And almost exactly two years later, on the day before my 42nd birthday, I walked into Oban Distillery for a full tour and tasting, officially completing every one of the previously-planned must-do items from this previously cursed trip. Oh there was still more to come for this specific vacation, but everything we’d put on the list years and years ago, only to push back again and again, had been checked off - and every single one of them was better than we’d imagined.

I’ll admit that sitting in Oban, drinking a distillery-exclusive expression felt a little like a victory. Like we’d passed a finish line. This, and every other must-do we’d emotionally invested in had been dangled and snatched away from us time and time again, and yet here I was. In a moment of internal consideration, I toasted the two of us and drank deeply of the taste of success. We’d done it.

It occurs to me in this moment, that the aforementioned deep drinking of success may have something to do with why our immediate next actions were to do some serious pound to dollar converted damage at a cute little chocolate shop next door. Regardless of the motivation, Oban Chocolate Shop was the beneficiary of our sudden realization that we were still about 30% short on gifts for friends (and that we also really fucking wanted some chocolate right then.) So, expertly combining two impulses (travel tip #403: always combine impulses for maximal combo damage) we indulged on a spread of handmade truffles, fondants, ganaches, and creams. Truth be told, we’d already spotted this place the day before as ripe with souvenir possibilities, so we’ll count this particular experience as us checking quality control in advance of formally committing to gifts.

[As a side note: we also found out that they ship internationally, so once we were back stateside and setting up a Scotch tasting with friends to share the duly-declared spoils of our trip, we placed an order of some of our favorites to pair with the Scotches we brought back home. If you want recommendations - we have them.]

Alas, as the morning came to a close, and afternoon set upon us, we had one last location in Scotland to visit: Crieff. And Crieff has two almost diametrically-opposed emotional resonances for me, which we’ll get to in a moment.

But first we have to get there. Because apparently what we thought of as days-upon-days of a rain reprieve, was simply Scotland saving up to unleash it all at once and scare the absolute shit out of us.

It’s easy for me to write this now, because it’s so straightforward: the drive from Oban to Crieff was the most terrifying day of driving we had. The rain pounded down, obscuring our vision to less than twenty feet at times. The roads were tiny - smaller than almost anywhere else we’d been in the country - a single lane for each direction, and perpetually winding around imprecise and often decreasing radius curves. For much of the trip, there were sheer rock faces just inches beyond the lane lines to my left, sometimes even leaning in a bit over the road. Other times the lane line was just a sheer cliff into a loch. And since it was logging country, logging trucks periodically barreled around the corner in the oncoming lane - some of them wider than the actual lane itself.

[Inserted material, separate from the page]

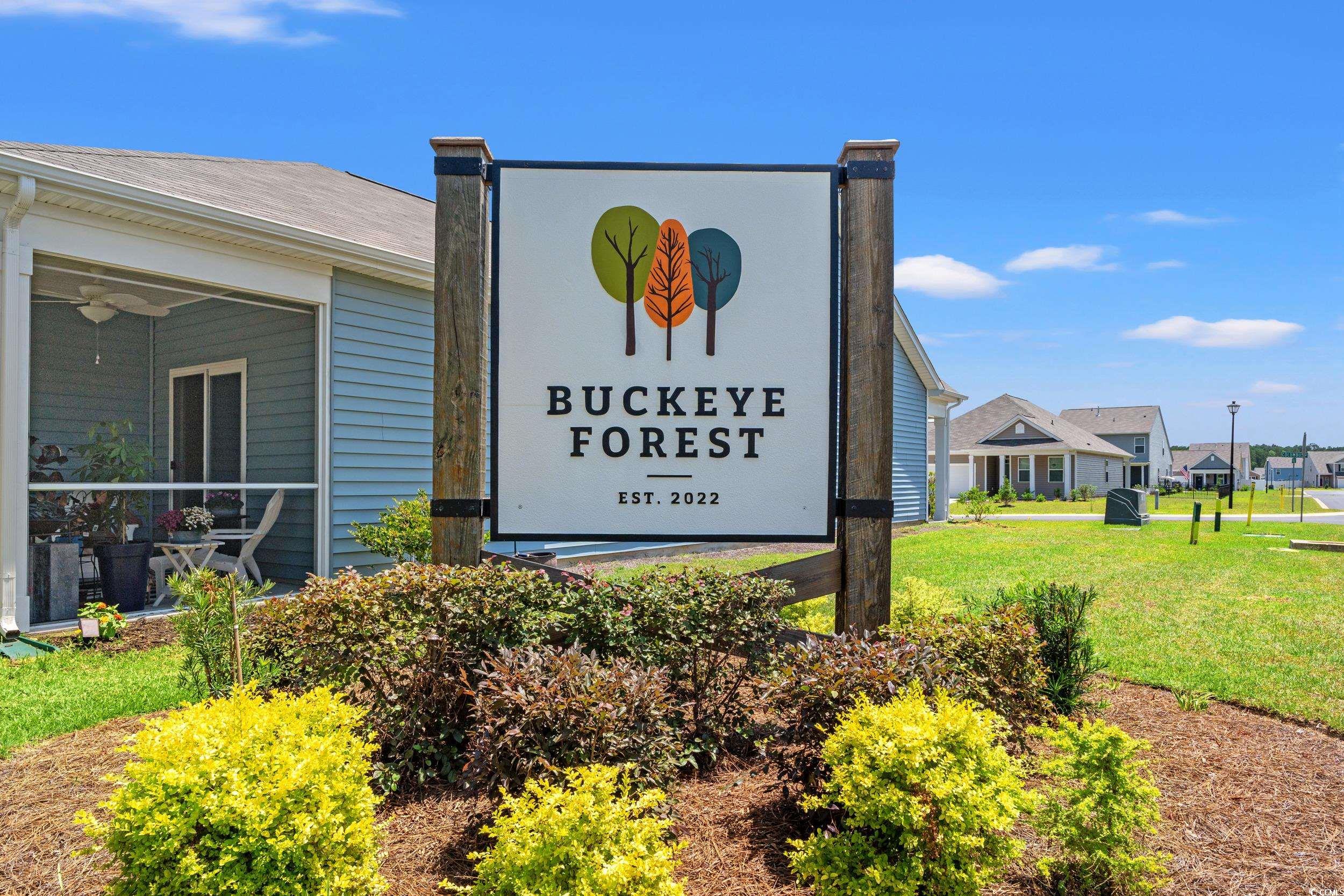 402 Toledo St. Conway, SC 29526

Combine all of that, and there were more than a few times where I’d be trying to navigate a turn, desperately trying to get as close to a sheer rock wall to my left, because a massive truck was encroaching on my lane to the right as we pass each other at a reference adjusted speed of 120 miles an hour, in the pouring rain.

It wasn’t what you’d call fun.

It was, however, what you’d call exhausting. In my memory, this trip was six hours of anxiety - Google says it takes an hour and 45 minutes. And when we got to our hotel, I was so emotionally and physically spent, that I essentially collapsed onto my bed while Beth poured me what remained of the bottle of Scotch we purchased on Skye.

And then the Queen died.

Okay, so it wasn’t quite that abrupt - but it also kind of was. We’d been aware of the predominant news within the country over the past few days - how everyone was bit by bit coming to realize that this particular health scare wasn’t like the others. And how the royal family was treating it a little differently. Cancelling plans. Traveling up to see her. We’d even tuned into BBC radio for much of the trip just to hear if there was any news - the only day we actually used the radio in our rental car. (And I did the most old person thing possible and turned it down when I needed to concentrate; take me out back and shoot me now.)

So we knew that everyone was starting to treat this particular day with a little less revelry and starting to act a little more somber. And 30 minutes after we unloaded the car, just as we were starting to decompress from Satan’s Rain Rally, we got a text from Beth’s cousin Kelly:

“They just announced it. The Queen died.”

First things first: check twitter. Yep. Breaking news alerts. Well fuck.

We had no idea what was going to happen next. We didn’t know whether the next two days of our trip - our final days in Scotland, and the ones overlapping my actual birthday - were going to be affected. We read some discussions about ten days of mourning and businesses closing. About events being cancelled. About historical sites being closed in recognition and remembrance.

We needn’t have worried.

Walking down to the pub below our room (once again: Scottish Inns for the win) the bar was half full, and most everyone was talking. All over the televisions was wall to wall coverage…

… of football. (Soccer, to our American friends.)

We ordered a beer. I glanced at the TV, certain someone was going to break in any moment for live coverage of her death. But as it resolutely continued to not happen, I asked Beth if maybe they didn’t know, while also acknowledging that if they didn’t we absolutely could not be the ones to inform them - thus placing us in a historically weird Catch 22.

Finally, we heard one of the bartenders mention it casually to someone else. He mentioned how weird it was that something which had, for so long, felt simultaneously impossible and imminent … finally happened. Not sadness, or anger, or joy, just … awareness. And maybe some ambivalence.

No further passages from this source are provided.